Only the lines from the one containing "Men Silver Diamond" through the one containing "Adaptador UNIDAPT Hembra" should be printed, exactly as they appear below, with both ends included.

BEGIN GIVEN ENTRIES

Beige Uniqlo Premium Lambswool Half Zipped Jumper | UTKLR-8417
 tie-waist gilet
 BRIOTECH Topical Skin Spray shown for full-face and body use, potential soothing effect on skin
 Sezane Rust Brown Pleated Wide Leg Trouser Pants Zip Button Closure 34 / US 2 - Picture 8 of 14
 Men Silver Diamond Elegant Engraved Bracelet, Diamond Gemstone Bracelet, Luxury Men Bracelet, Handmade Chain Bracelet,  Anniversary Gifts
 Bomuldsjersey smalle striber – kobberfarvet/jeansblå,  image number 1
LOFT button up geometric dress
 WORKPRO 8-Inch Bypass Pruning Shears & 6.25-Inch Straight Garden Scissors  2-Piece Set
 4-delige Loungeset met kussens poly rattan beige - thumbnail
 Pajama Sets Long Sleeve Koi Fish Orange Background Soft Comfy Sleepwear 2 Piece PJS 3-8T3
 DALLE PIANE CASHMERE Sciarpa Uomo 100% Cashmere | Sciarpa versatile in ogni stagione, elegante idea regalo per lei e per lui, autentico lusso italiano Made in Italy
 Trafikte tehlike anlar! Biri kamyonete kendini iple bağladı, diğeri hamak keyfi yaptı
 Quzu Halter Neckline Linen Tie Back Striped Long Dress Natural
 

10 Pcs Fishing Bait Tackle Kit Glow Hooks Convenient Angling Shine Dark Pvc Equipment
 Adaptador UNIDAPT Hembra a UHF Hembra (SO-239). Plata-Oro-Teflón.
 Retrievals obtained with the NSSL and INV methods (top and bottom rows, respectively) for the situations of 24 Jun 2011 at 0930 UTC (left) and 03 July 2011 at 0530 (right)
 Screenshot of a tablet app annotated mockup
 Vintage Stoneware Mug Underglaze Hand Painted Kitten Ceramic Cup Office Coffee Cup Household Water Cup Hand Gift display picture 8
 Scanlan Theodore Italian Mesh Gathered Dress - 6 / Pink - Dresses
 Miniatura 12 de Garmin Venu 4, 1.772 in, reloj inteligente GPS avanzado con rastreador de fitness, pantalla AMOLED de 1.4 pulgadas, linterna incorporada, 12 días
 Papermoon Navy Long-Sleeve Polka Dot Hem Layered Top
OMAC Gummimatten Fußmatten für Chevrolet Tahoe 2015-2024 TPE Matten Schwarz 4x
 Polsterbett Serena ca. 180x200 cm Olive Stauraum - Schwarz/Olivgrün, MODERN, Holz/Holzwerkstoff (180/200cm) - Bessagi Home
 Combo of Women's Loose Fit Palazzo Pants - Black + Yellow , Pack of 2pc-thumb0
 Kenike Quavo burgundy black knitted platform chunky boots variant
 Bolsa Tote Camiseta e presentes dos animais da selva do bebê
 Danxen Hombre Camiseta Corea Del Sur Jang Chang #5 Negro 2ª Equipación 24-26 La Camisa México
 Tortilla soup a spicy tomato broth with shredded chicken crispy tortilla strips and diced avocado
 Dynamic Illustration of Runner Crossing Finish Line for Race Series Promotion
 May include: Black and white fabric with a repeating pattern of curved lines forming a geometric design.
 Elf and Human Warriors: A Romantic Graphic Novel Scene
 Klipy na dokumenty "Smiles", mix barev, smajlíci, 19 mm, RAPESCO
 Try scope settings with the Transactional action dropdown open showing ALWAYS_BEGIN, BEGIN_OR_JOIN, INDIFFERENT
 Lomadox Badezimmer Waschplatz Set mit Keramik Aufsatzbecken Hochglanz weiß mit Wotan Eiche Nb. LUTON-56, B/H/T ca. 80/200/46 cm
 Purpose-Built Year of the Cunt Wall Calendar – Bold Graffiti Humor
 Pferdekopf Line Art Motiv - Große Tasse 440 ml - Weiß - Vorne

END GIVEN ENTRIES

[EXERCISE RESULT]:
 Men Silver Diamond Elegant Engraved Bracelet, Diamond Gemstone Bracelet, Luxury Men Bracelet, Handmade Chain Bracelet,  Anniversary Gifts
 Bomuldsjersey smalle striber – kobberfarvet/jeansblå,  image number 1
LOFT button up geometric dress
 WORKPRO 8-Inch Bypass Pruning Shears & 6.25-Inch Straight Garden Scissors  2-Piece Set
 4-delige Loungeset met kussens poly rattan beige - thumbnail
 Pajama Sets Long Sleeve Koi Fish Orange Background Soft Comfy Sleepwear 2 Piece PJS 3-8T3
 DALLE PIANE CASHMERE Sciarpa Uomo 100% Cashmere | Sciarpa versatile in ogni stagione, elegante idea regalo per lei e per lui, autentico lusso italiano Made in Italy
 Trafikte tehlike anlar! Biri kamyonete kendini iple bağladı, diğeri hamak keyfi yaptı
 Quzu Halter Neckline Linen Tie Back Striped Long Dress Natural
 

10 Pcs Fishing Bait Tackle Kit Glow Hooks Convenient Angling Shine Dark Pvc Equipment
 Adaptador UNIDAPT Hembra a UHF Hembra (SO-239). Plata-Oro-Teflón.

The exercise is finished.